ECLI:NL:RBZWB:2021:4624
Rechtbank Zeeland-West-Brabant
- Eerste aanleg - enkelvoudig
- Rechtspraak.nl
Afwijzing aanvraag bijzondere bijstand voor kosten eigen bijdrage rechtsbijstand
In deze zaak heeft de Rechtbank Zeeland-West-Brabant op 15 september 2021 uitspraak gedaan in een geschil over de afwijzing van een aanvraag voor bijzondere bijstand door eiseres. Eiseres had op 9 september 2019 een aanvraag ingediend voor bijzondere bijstand voor de kosten van een eigen bijdrage van € 145,00, die verband hield met een op 19 april 2019 verleende toevoeging voor rechtsbijstand. Het college van burgemeester en wethouders van de gemeente Oisterwijk heeft de aanvraag afgewezen, omdat deze te laat was ingediend volgens de Beleidsregels bijzondere bijstand gemeente Oisterwijk 2017. Eiseres heeft bezwaar gemaakt tegen deze afwijzing, maar het college heeft het bezwaar ongegrond verklaard.
Tijdens de zitting op 8 juli 2021 is gebleken dat eiseres sinds 3 september 2019 algemene bijstand ontvangt en dat haar aanvraag voor bijzondere bijstand te laat was ingediend. Eiseres voerde aan dat er bijzondere omstandigheden waren die haar in staat hadden moeten stellen om eerder een aanvraag in te dienen, met name de sluiting van haar woning op last van de burgemeester. De rechtbank oordeelde echter dat eiseres niet tijdig een aanvraag had ingediend en dat de afwijzing van de aanvraag door het college terecht was. De rechtbank heeft vastgesteld dat eiseres niet voldaan had aan de termijn van één maand na de kosten voor de eigen bijdrage, zoals voorgeschreven in de Beleidsregels.

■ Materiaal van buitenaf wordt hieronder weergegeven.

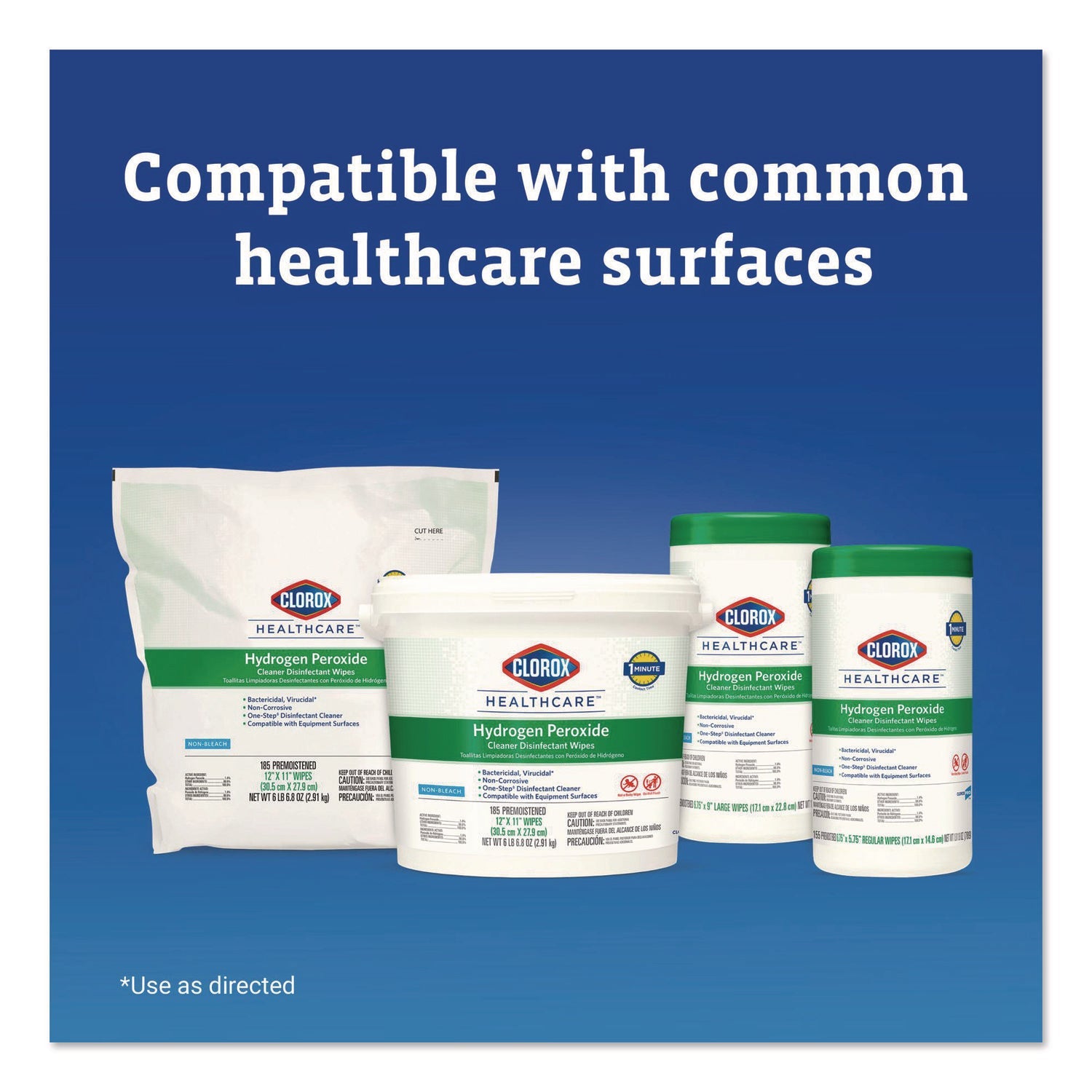 Clorox Healthcare® Hydrogen Peroxide Cleaner Disinfectant Wipes, 6.75 x 9, White, 95/Canister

De rechtbank heeft het beroep van eiseres ongegrond verklaard en geen aanleiding gezien voor een proceskostenveroordeling. De uitspraak is openbaar gemaakt en partijen zijn geïnformeerd over de mogelijkheid om binnen zes weken hoger beroep in te stellen bij de Centrale Raad van Beroep.